(Stored data entries)
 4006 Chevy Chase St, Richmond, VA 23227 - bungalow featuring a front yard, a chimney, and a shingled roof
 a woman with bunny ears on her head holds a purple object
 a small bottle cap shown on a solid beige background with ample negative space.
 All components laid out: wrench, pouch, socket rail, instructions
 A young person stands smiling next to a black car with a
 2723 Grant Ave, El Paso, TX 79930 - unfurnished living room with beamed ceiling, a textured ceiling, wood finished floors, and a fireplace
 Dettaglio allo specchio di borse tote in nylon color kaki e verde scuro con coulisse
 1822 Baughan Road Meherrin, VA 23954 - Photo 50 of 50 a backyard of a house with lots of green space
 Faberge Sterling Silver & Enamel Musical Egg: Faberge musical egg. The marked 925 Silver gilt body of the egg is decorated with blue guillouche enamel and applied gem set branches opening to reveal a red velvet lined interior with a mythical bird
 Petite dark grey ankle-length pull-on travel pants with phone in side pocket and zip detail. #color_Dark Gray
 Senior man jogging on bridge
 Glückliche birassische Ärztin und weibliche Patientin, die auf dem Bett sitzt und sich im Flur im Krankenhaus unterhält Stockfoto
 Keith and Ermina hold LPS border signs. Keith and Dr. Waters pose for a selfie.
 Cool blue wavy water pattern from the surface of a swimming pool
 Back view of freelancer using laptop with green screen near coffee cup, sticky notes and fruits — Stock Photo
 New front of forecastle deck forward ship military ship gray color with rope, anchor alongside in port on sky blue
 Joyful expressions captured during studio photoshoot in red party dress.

**What the task requires**
Transcribe each of the records above exactly.

**Solution to the exercise**
 4006 Chevy Chase St, Richmond, VA 23227 - bungalow featuring a front yard, a chimney, and a shingled roof
 a woman with bunny ears on her head holds a purple object
 a small bottle cap shown on a solid beige background with ample negative space.
 All components laid out: wrench, pouch, socket rail, instructions
 A young person stands smiling next to a black car with a
 2723 Grant Ave, El Paso, TX 79930 - unfurnished living room with beamed ceiling, a textured ceiling, wood finished floors, and a fireplace
 Dettaglio allo specchio di borse tote in nylon color kaki e verde scuro con coulisse
 1822 Baughan Road Meherrin, VA 23954 - Photo 50 of 50 a backyard of a house with lots of green space
 Faberge Sterling Silver & Enamel Musical Egg: Faberge musical egg. The marked 925 Silver gilt body of the egg is decorated with blue guillouche enamel and applied gem set branches opening to reveal a red velvet lined interior with a mythical bird
 Petite dark grey ankle-length pull-on travel pants with phone in side pocket and zip detail. #color_Dark Gray
 Senior man jogging on bridge
 Glückliche birassische Ärztin und weibliche Patientin, die auf dem Bett sitzt und sich im Flur im Krankenhaus unterhält Stockfoto
 Keith and Ermina hold LPS border signs. Keith and Dr. Waters pose for a selfie.
 Cool blue wavy water pattern from the surface of a swimming pool
 Back view of freelancer using laptop with green screen near coffee cup, sticky notes and fruits — Stock Photo
 New front of forecastle deck forward ship military ship gray color with rope, anchor alongside in port on sky blue
 Joyful expressions captured during studio photoshoot in red party dress.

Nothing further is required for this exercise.